Many natural language analytics products, however, require data to be moved into their own repositories or index structures. But today, Arcadia Data is announcing a new Search feature, in the latest release of its Arcadia Enterprise product, that adapts the natural language query paradigm to work directly on top of data lakes.
The low down
In a phone briefing with Sushil Thomas, Arcadia Data's Founder & CEO, and Steve Wooledge, the company's VP of Marketing, I learned that the Arcadia Data Search feature works on top of Hadoop-based data lakes as well as cloud data lakes that reside in Amazon S3 and Microsoft's Azure Data Lake Store (ADLS).
Once Arcadia is connected to the lake, users can type in search expressions like "show me the states with the highest population in 1910" and get results back in the form of data visualizations. This works both for individual searches and within dashboards as (shown in the figure at the top of this post).
Covering the edge cases
Executing such queries over data lakes requires graceful handling of certain ambiguities:
- The same query may apply to more than one data set in the data lake. In this case, Arcadia Data will apply its own scoring algorithm, querying the data set it feels is most applicable, but listing clickable options for the others (see figure below). Users who pick one of the alternate data sets will implicitly influence the scoring algorithm to favor that data set more in subsequent searches
- Certain data sets or columns within a data set may not be appropriate for search-based query. To mitigate these difficulties, Arcadia Data allows administrators to specify which tables, and which columns within them, are searchable.
- For those columns that are searchable, the words used in a natural language query may not match those columns' names verbatim. To handle this quandry, Arcadia Data allows a list of synonyms to be entered for each searchable column.

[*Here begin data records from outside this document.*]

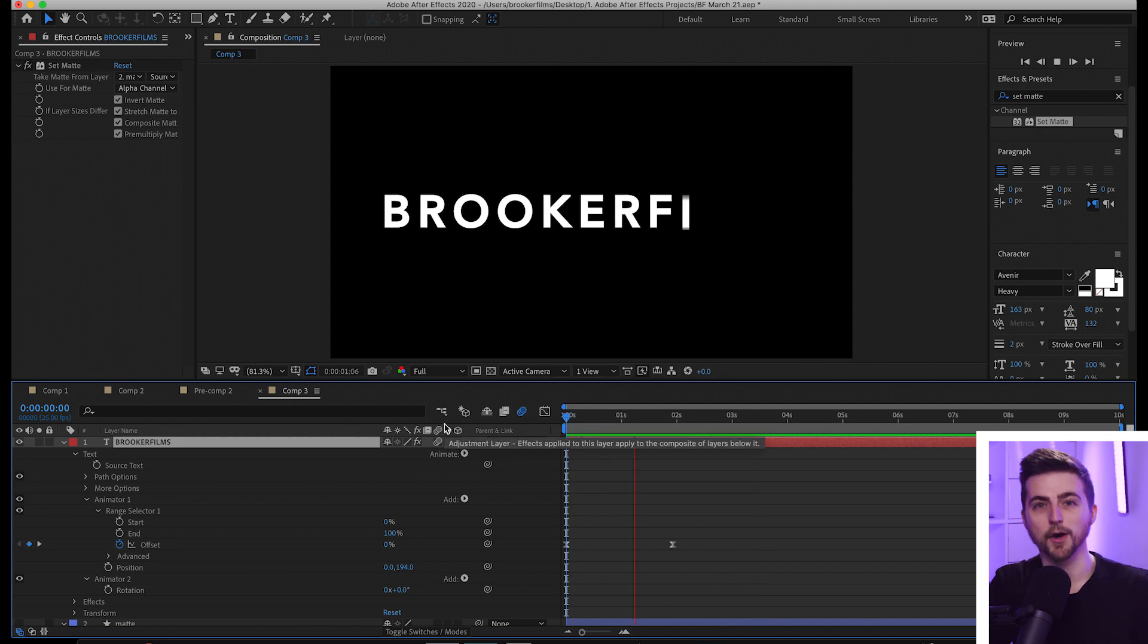So there you go. Thank you so much for watching this video—I really appreciate your support. Hopefully I'll see you on the next video. See you there!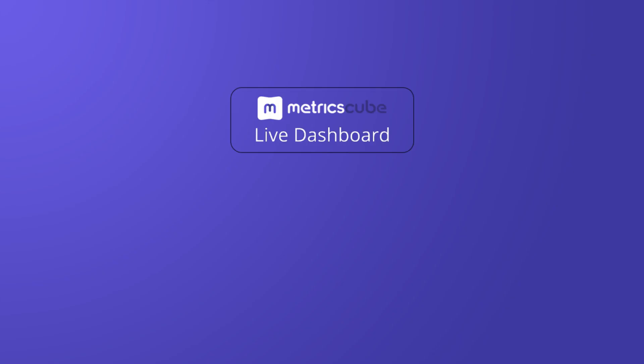Right after you connect your WHMCS to MetricsCube, you'll be granted access to the Live Dashboard feature, which is a single pane of glass across real-time operations in your business.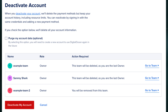Then simply click 'Delete My Account'. Once deleted, your payment method will also be deleted. This is how you can delete your DigitalOcean account. Thanks for watching!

Arcadia's Search feature provides other niceties. For example, as query expressions are entered, auto-complete suggestions are provided (this may include entire search expressions presented as suggestions after only a single word is entered in the search box). Results are rendered using what Arcadia Data determines to be the most appropriate visualization type, but users may specify the viz type they'd like within the search expression itself.
It's probably important to point that although Arcadia has named this new feature "Search," it does not rely on special search indexes, and it doesn't use technologies like Solr/Lucene or ElasticSearch. Instead, Arcadia is really providing a natural language abstraction layer that converts the entered expression into the corresponding query in SQL, or another native language (depending on the data set's origin and format). Although Arcadia does create its own style of OLAP cube under the hood to accelerate some queries, the data in the lake is being queried natively, and no indexing or ELT is required.

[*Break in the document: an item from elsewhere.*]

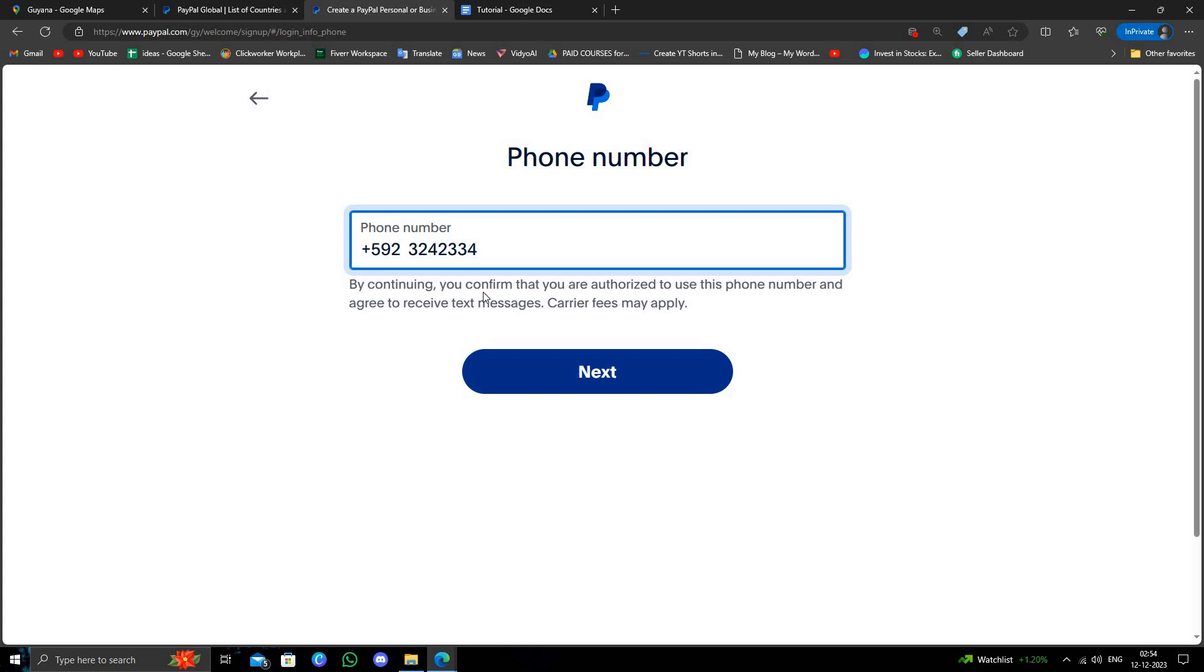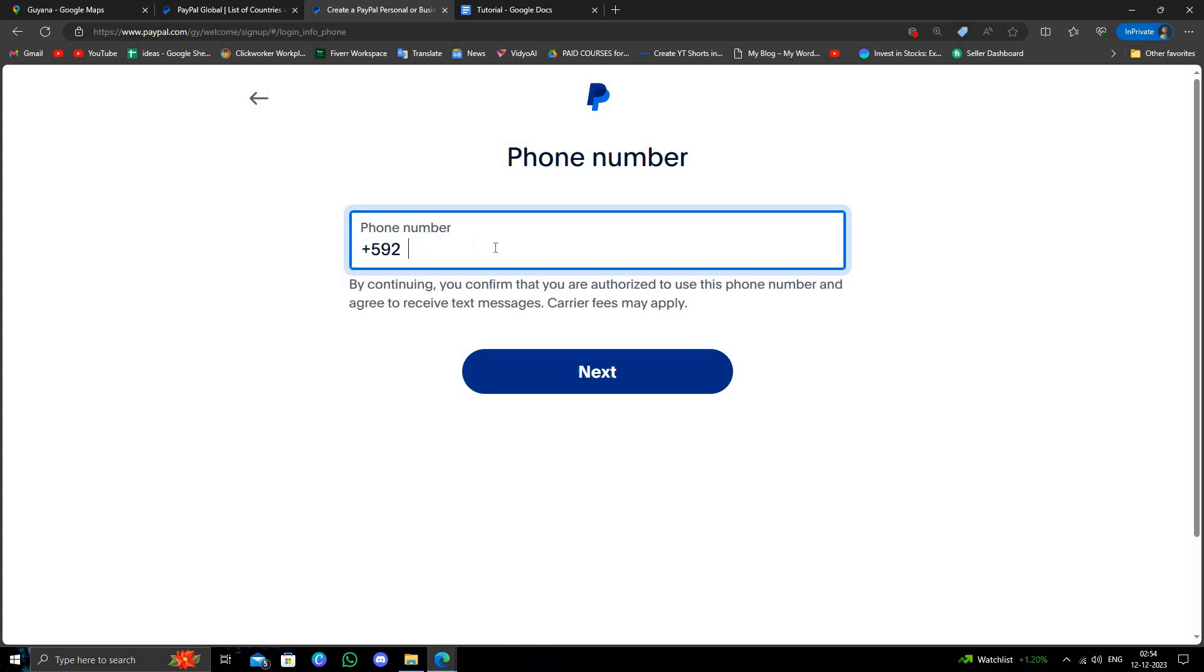You have to connect your bank and credit card so it will be useful. So this is how to open a PayPal account from Guyana. So that's it. If you find this video helpful, make sure you like, subscribe, and share the video. Thank you for watching.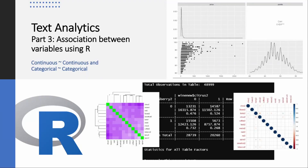Hi, in this video I'll be showing you the association analysis between variables using R on the wine dataset that I've used as part of my text analytics project. Here I'll be demonstrating the association analysis between continuous variables and between categorical variables. So let's get started.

Search engine as data catalog
If you think about it, Arcadia Data's Search feature addresses many of the same data lake use cases as do data catalog-driven query tools. The idea in both cases is to make data in the lake more discoverable, providing a self-service query experience for business users not familiar with each data set and its schema.
The data catalog approach works in a top-down fashion: first find the data set you need and then craft the query against it. Arcadia Data's Search feature is more bottom up: say what you want to see and then the data set will be selected and query crafted for you. Both approaches are valid and either one may be preferable, depending on circumstances.
But sometimes an imperative command is faster and easier than a browsing experience. For business users looking to get off the "blank page" and start getting real use out of their data lakes, Arcadia Data has a great solution. Once users have their bearings, they may wish to use a data catalog to help them explore their data lakes more comprehensively. There are strong synergies to using both.